# Camp property taxes.



## pal21 (Mar 9, 2008)

Just got my property tax bill for deer camp. How does a 125% increase sound? I talked to a couple others who own camps nearby and they got similar increases. Problem is the folks who live there got the usual 2 or 3% type increases. Could it be they have decided to stick it to the out of towners? I'm pretty sure the value of my land didn't go up 125% from last year. If anything it went down. I'll be making a call to the auditor tomorrow to get an explaination.


----------



## Salmonid (Apr 14, 2004)

absolutely cal the auditors and ask for the way they determined your value, they wil pull it up and mail it to you. If you do some research on your own, and find out how much simillar land sold for in the previous 18 months that will always help. I have found that if you gripe loud enough, they typically will reevaluate to a lower number. Last year they tried to increase my property tax by more then doubling it, I went through the whole deal with them and then they revalued at about a 8% increase. Not the best but better then doubling....when I asked how they go my numbers they showed properties on the opposite side of the county that were in some really high dollar areas vs me being in the states poorest township, so they were not realistic values. I think they try to see what they can get away with and then back off the handful who gripe. Good luck

Salmonid


----------



## ironman172 (Apr 12, 2009)

Mine stayed about the same....with no real changes to it....thats what it should be


----------



## puterdude (Jan 27, 2006)

I got my property taxes and last May a school levy was approved and it shot up over 500.00 bucks a year,my beef is the levy passed in May and they burnt us for the full year, over 5 months before the levy even passed.They stay awake at night figuring out a new angle.


----------



## I Fish (Sep 24, 2008)

Welcome to taxation without representation.

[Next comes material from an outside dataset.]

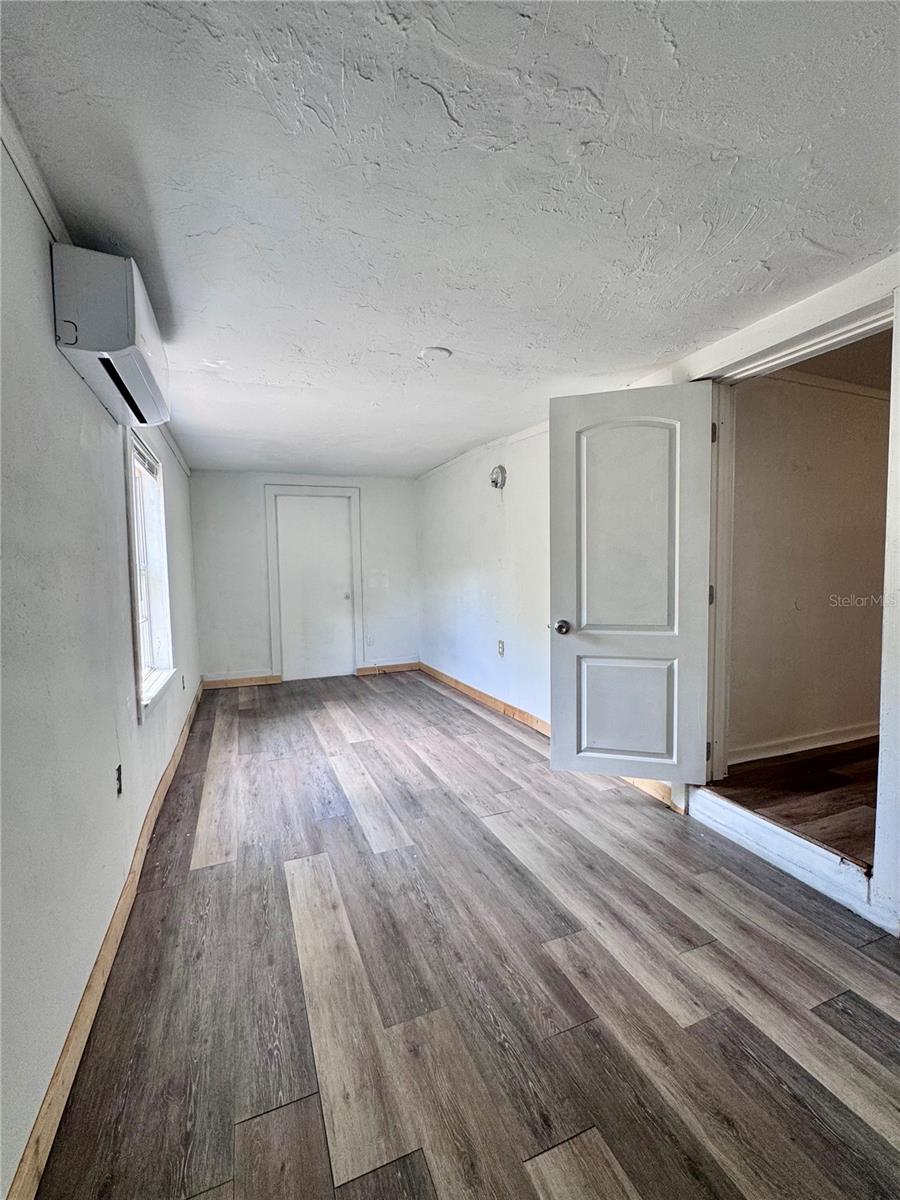 PINECREST, BRADENTON, FL, 34208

I always thought this was "the land of the free", until I researched property taxes, and the other potential strings, such as Eminant domain and rights of way. They claim you are represented because you elect the Auditor and you knew before hand that you would be responsible for the taxes. I maintain that you are not represented because, in the election of the auditor and the passing of levies, non property owners have just as much a vote as the property owners, therefore the property owner is being forced to pay a tax that was passed by people who don't have to pay. This is particularly magnified in and around college towns. Also, in the case of levies, especially school levies, if you are againt the levy, you are usually automatically cast in the light of being against schools and education (and obviously children), even if you are only against the certain activities the levy would support.
I also don't beleive that you can cast a vote for or against anything if you don't live in that particular county. So, where is the representaion in that? You still have to pay the taxes, decided on by others.


----------



## pal21 (Mar 9, 2008)

I just got off the phone with the auditor.
She is telling me these new land valuations are being sent from Columbus. They have changed the way they place value on vacant land for the first time since 1984. Being this is the year for my county to access land, we are being hit with it this year. So it all depends on when your particular county comes out with its new acessments. She said these changes came out in October.

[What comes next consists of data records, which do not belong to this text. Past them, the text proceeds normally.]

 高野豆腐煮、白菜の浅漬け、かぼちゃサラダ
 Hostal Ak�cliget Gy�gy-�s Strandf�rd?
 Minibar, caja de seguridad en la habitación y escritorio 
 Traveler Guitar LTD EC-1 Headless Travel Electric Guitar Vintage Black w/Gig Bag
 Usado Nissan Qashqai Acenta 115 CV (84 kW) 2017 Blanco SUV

She said these increases will hit everyone who owns vacant land or has land enrolled in the CAUV or the forest stewartship progams. She said the doubling or tripling of taxes is because the state has waited 25 years to make changes on their formulas for setting land values.

Not sure I buy it or not.


----------



## mikeshookset (Feb 28, 2005)

the proublem with property taxes as with any taxes is that way to much of it is wasted . in todays economy people are taking pay cuts health care cuts and what do our poloticians do ? they vote them selfs pay raises and baill out banks that give thier ceos millions of dollars in bonuses for putting the banks in the sorry mess they are in. maybe instead of raising property taxes they should put a luxery tax on the money that lobbyest spend to buy poloticians. it doesnt matter if they are democrates or republicans they all play the same game they just pass the ball back and forth every so many years. NO TAXES SHOULD BE LEVYED AGAINST ANYONE UNLESS ITS VOTED ON BY THE PEOPLE ITS LEVYED AGAINST.


----------



## ironman172 (Apr 12, 2009)

pal21 said:


> I just got off the phone with the auditor.
> She is telling me these new land valuations are being sent from Columbus. They have changed the way they place value on vacant land for the first time since 1984. Being this is the year for my county to access land, we are being hit with it this year. So it all depends on when your particular county comes out with its new acessments. She said these changes came out in October.
> 
> She said these increases will hit everyone who owns vacant land or has land enrolled in the CAUV or the forest stewartship progams. She said the doubling or tripling of taxes is because the state has waited 25 years to make changes on their formulas for setting land values.
> ...


the forest stewartship progams
I'm glad I never signed up for that now!!!I don't have to be in that to be a good stewart of the land....and don't need the Forestry dept telling me when to cut trees down.... just for a tax break


----------



## Lewzer (Apr 5, 2004)

> I maintain that you are not represented because, in the election of the auditor and the passing of levies, non property owners have just as much a vote as the property owners, therefore the property owner is being forced to pay a tax that was passed by people who don't have to pay.


Just like the "sin" tax that Cuyahoga County sinners pay to build three giant playgrounds for the billionaire owners of the sports teams. Suckers.


----------